5 Jharkhand women lynched for allegedly practising witchcraft
Five women in a village in Jharkhand's Mandar block, barely 40km from state capital Ranchi, were lynched for allegedly practising witchcraft early on Saturday, police said.india Updated: Aug 08, 2015 21:00 IST
Five women in a village in Jharkhand's Mandar block, barely 40km from state capital Ranchi, were lynched for allegedly practising witchcraft early on Saturday, police said.
Sources in the village, who were not party to the crime, told Hindustan Times that it all began with the death of a 17-year-old tribal boy, Bipin Khalko. He died due to a stomach-related ailment last Sunday at Suru Akhra village under Mandar police station.
Villagers, who suspected that these five women practiced witchcraft, jumped to a conclusion that they had killed Khalko by using black magic. On Friday night, people from at least four villages held a meeting that began after 9pm and stretched up to midnight.
In the meeting, they unanimously decided to eliminate the five women to prevent further deaths in the village.
"Every year, these women are claiming 5-7 lives, mostly our young sons and brothers. Lest we kill them, they will continue to claim more lives," said one Xavier at the meeting.
Xavier also allegedly led the frenzied crowd in dragging the women out of their homes and killing them.
"By the time I reached the spot after hearing about the incident around 1am, the mob had already killed them," said village head Prem Chand Ekka.
When police arrived in the morning, the accused villagers showed no remorse for committing the crime and even prevented them from picking the stripped and badly mutilated bodies. And when the police began wielding the baton, all of them came forward to court arrest.
The audacious villagers have also submitted a written confession to the police claiming responsibility for the killings and threatened to eliminate two more women who they could not nab.
Police had detained over a hundred people, mostly men, and packed them in two buses before sending them to an undisclosed location. The women, who were left behind, marched to the nearby Mandar police station and asked the police to arrest them too.

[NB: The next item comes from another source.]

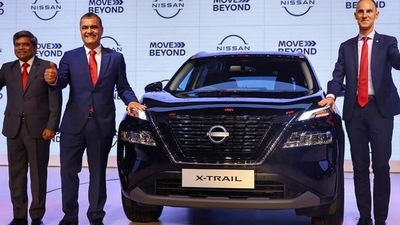 Nissan Motor India Pvt Ltd MD Rakesh Srivastava with their India Operation President Frank Torres and Divisional Vice President for Marketing and Sales Operations Joni Paiva at the unveiling of the company's 'X-Trail', 'Qashqai' and 'Juke' SUVs, at Aerocity in New Delhi, Tuesday, Oct. 18, 2022. (PTI ) Nissan Motor India Pvt Ltd MD Rakesh Srivastava with their India Operation President Frank Torres and Divisional Vice President for Marketing and Sales Operations Joni Paiva at the unveiling of the company's 'X-Trail', 'Qashqai' and 'Juke' SUVs, at Aerocity in New Delhi, Tuesday, Oct. 18, 2022. (PTI )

"We have taken control over the situation," said police spokesperson SN Pradhan.
He said the villagers have refused to reveal the names of the actual culprits but said they knew about the person who started the lynching. "We will come out with their names soon," he added.
The frenzied mob also shooed away local legislator Gangotri Kujur, who reached the village in the morning, and warned her not to meddle in their 'personal affairs'.
The incident drew sharp criticism from chief minister Raghubar Das, who described it as a heinous and inhuman act.
"Such incidents in this knowledge-driven age is highly unfortunate and the society should come forward united to fight this social evil," said Das, directing senior police officials to punish the culprits.
Witchcraft is a major social evil spread across the tribal belts of Bihar, Jharkhand, Odisha, Chhattisgarh, West Bengal and the northeast. Barely a month back, villagers in neighbouring Odisha's Keonjhar district had lynched six members of a family in a similar fashion.
In Odisha, around 450 people have reportedly been killed over the years while Jharkhand's social welfare department records show that at least 1046 women were branded as 'witches' and killed since 1995.
Despite numerous awareness programmes launched by the government, Jharkhand Police records show gradual increase in the number of witchcraft-related killings -- 36 in 2012, 54 in 2013 and 56 in 2014 (till November).
"The state, especially politicians, have since decades turned a blind eye towards this malady as they fear meddling in this social evil would alienate their vote bank," said Premchand, president of the NGO Free Legal Aid Committee that had taken an initiative to introduce the witchcraft prevention act in 1999 in Bihar.
He accused that the act is never used and police act only after the murders have already happened.